Stored entries
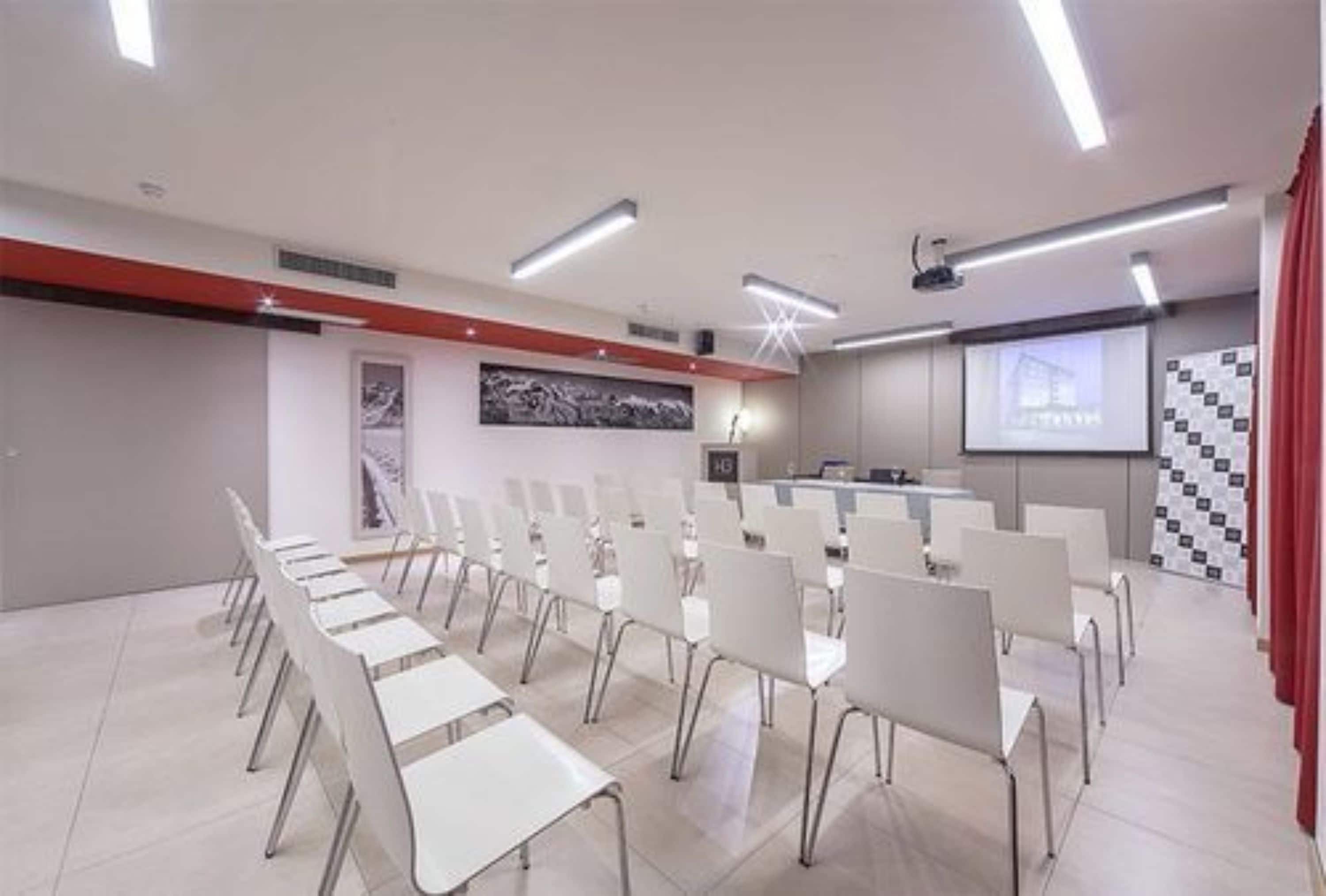 A conference room with white chairs and tables, a projector screen, and a presentation board.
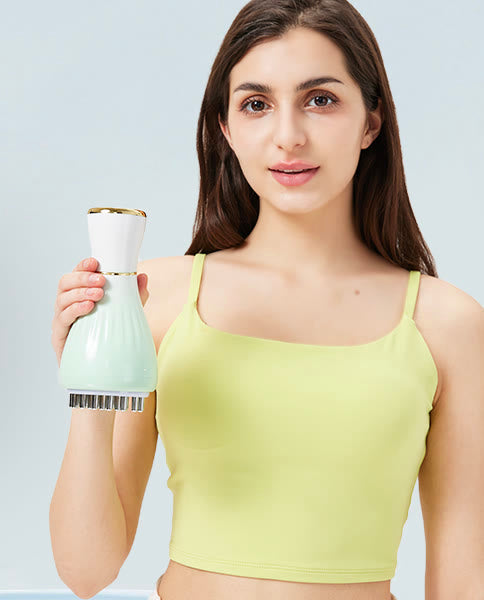 Person holding the compact handheld massager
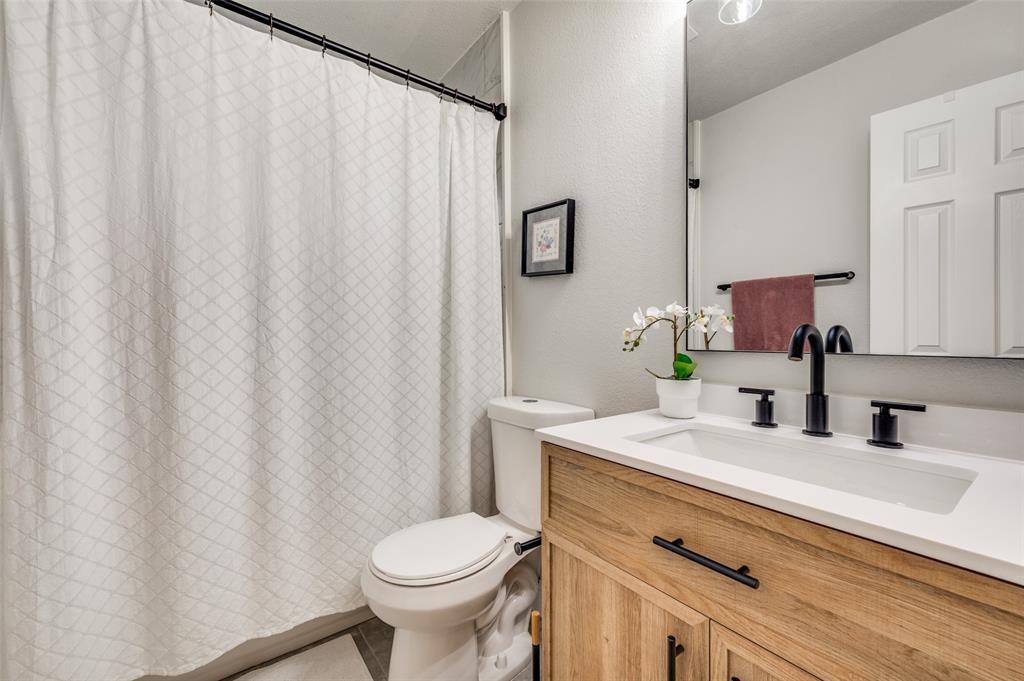7306 Vista Ridge Lane Sachse, TX 75048 - Photo 18 of 23 a bathroom with a sink toilet and mirror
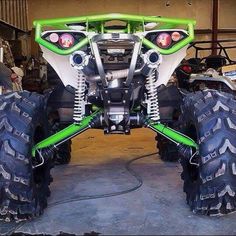 the front end of a green and white four wheeler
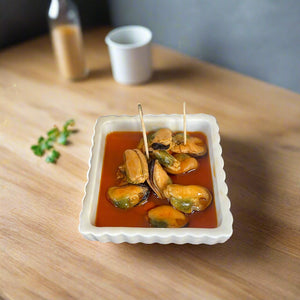 plate of mussels in marinated sauce, ontop of a wooden countertop with toothpicks in them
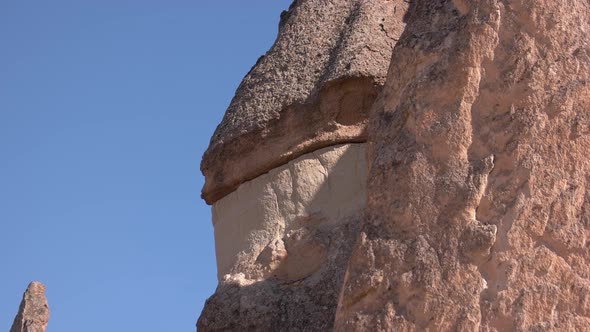 Close Up of Huge Stone Formation on Blue Sky Background.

WHAT YOU NEED TO DO
Omit the pictures. Print, word for word, the lines from the beginning of the entries above through the line that holds "plate of mussels".

ANSWER TO THE PROBLEM
 A conference room with white chairs and tables, a projector screen, and a presentation board.
 Person holding the compact handheld massager
7306 Vista Ridge Lane Sachse, TX 75048 - Photo 18 of 23 a bathroom with a sink toilet and mirror
 the front end of a green and white four wheeler
 plate of mussels in marinated sauce, ontop of a wooden countertop with toothpicks in them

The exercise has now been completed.